Joined by government officials and business leaders, Governor Newsom began his day in Shenzhen – a city of 12.5 million people – and toured an electric bus depot to see the city’s successful electric vehicle transition.
In 2018, following years of collaboration with California via an existing partnership focused on zero emission vehicles (ZEVs), Shenzhen became the first city in the world to transition to an all-electric bus fleet with 16,000 buses as well as 22,000 taxis. The city has built 40,000 charging stations and has implemented innovative technologies like battery swapping to support a quick transition to ZEVs.
“California has shown the world that making the transition to electric vehicles is not just good for the planet, it’s good for the economy – spurring innovation and competition.
The Greater Bay Area of China — a mega-region with millions of people — proves what can be done by moving from ambition to action: rapidly transitioning to an all-electric bus and taxi fleet with the infrastructure to support it. We’re proud to have a partner like Guangdong in our efforts to make the tailpipe a thing of the past.”Governor Gavin Newsom
California leads the nation in electric vehicle adoption and is set to phase out the sale of new gas powered vehicles by 2035. Earlier this year, California became the first jurisdiction in the world to set a date to end the sales of traditional combustion trucks, creating a path to 100% zero emission medium- and heavy-duty trucks on the roads in California by 2045. Yesterday, the Governor announced that California surpassed its ZEV truck sales goal two years ahead of schedule.
The Governor then traveled to Guangdong’s Capital City of Guangzhou.

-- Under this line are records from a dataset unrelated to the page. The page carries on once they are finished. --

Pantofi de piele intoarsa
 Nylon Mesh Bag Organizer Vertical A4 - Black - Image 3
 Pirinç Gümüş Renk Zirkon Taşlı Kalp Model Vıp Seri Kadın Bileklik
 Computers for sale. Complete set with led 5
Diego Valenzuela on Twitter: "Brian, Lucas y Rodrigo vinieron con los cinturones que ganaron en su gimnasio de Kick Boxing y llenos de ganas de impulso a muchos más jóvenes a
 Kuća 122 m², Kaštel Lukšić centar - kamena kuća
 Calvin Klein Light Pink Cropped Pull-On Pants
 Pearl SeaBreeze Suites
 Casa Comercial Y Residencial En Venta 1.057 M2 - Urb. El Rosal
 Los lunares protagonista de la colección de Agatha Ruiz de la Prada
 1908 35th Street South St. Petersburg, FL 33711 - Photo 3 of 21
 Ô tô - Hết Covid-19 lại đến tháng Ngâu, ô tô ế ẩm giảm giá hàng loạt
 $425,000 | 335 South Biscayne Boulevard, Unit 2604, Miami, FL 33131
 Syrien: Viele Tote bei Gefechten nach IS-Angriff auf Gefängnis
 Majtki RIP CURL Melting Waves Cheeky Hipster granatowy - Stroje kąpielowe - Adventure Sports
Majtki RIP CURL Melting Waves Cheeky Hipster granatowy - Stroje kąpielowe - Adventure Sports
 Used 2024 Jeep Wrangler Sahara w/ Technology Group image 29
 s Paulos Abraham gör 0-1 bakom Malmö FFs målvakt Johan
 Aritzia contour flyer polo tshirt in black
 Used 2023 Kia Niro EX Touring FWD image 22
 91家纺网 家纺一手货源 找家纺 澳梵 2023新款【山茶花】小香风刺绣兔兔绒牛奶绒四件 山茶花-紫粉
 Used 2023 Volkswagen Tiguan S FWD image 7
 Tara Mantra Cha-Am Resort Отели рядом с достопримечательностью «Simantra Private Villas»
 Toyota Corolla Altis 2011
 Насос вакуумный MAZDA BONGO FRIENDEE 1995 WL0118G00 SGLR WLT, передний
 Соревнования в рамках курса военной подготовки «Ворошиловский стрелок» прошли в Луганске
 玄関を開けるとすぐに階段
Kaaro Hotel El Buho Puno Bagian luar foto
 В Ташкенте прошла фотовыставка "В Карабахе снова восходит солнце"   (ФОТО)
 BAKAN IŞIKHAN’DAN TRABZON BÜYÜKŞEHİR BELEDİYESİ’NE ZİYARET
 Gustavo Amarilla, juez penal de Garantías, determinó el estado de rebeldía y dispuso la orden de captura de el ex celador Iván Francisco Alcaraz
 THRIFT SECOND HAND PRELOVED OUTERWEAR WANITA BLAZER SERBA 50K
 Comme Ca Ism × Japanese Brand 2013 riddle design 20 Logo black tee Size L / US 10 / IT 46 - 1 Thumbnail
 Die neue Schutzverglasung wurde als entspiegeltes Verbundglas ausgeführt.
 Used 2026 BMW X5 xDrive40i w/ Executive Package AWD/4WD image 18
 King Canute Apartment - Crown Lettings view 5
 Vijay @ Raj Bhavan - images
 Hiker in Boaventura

Governor Newsom met with Governor Wang Weizhong of Guangdong and discussed years of successful climate collaboration between the two governments. California and Guangdong then signed a new MOU focused on carbon markets, industrial and power sector decarbonization, and climate adaptation. The text of the MOU is here.
This new MOU adds to a 2013 MOU between California’s Environmental Protection Agency and Guangdong under the leadership of Governor Jerry Brown. Since then, Guangdong’s Department of Ecology and Environment and the California Air Resources Board and California Energy Commission have had productive technical exchanges on carbon markets, energy planning and reducing methane in agricultural and waste sectors.
California’s cap and trade program has been a critical tool for reducing greenhouse gas emissions and has funded over $25 billion for the state’s climate programs. The MOU signed today will support Guangdong – the Chinese province with the biggest GDP – as it seeks to replicate California’s efforts to broaden the scope of its cap-and-trade market.
As part of efforts to decarbonize, Guangdong is currently building 200 hydrogen refueling stations to support a goal of 10,000 hydrogen vehicles on the road by 2025. California was recently selected as a national hydrogen hub and is set to receive up to $1.2 billion from the U.S. Department of Energy to accelerate the development and deployment of clean renewable hydrogen, critical to cutting pollution and expanding the clean energy economy statewide.